Oh, hello readers. I didn’t see you there. How…delightful. Sitting here, my dusky physique swamped in luxurious velvet robes, I cannot help but laugh heartily at the foolishness of modern man. And womb-man also. When you live in the lap of divine and orgiastic decadence as I do, with my many-nippled servants balming my every need with the most exquisite of nectars, both literal and, mmm, metaphoric, it is all too easy to gaze out on the great canopy of humanity and see the truth. You tiny little people, you. You specks. You ants. You know what your problem is? Of course you don’t. If you knew you would have fixed it by now. Humanity’s problem as a species is that it is not nearly decadent enough.
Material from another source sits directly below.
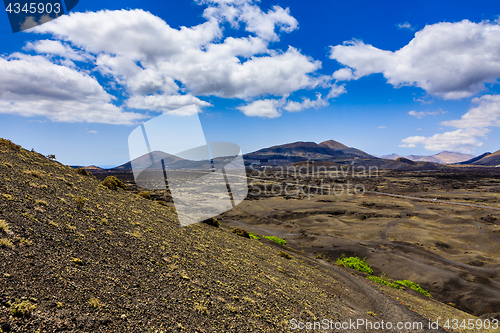 Image of Beautiful colors in the volcanic landscape of Lanzarote.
Too long under the frightened thumb of oncoming nature-polcalypse has forced us, or rather you, to duck under the road cone witch’s hat of frugality, thinking that thin-lipped bread-sucking will somehow magic spell-check the world, and turn the economy from a wriggly little red line and into a thesaurus of better. But it won’t. That’s not how life works. I have seen the future. It’s kinda my job, you see. I can’t help it. I also cannot help that you all need to stop being so fridging frugal and start living life to an orgiastic extent. This prediction applies to everyone so, rather than your usual horoscopal breakdown, here is a fine list of tips to help you achieve higher levels of grotesque decadence.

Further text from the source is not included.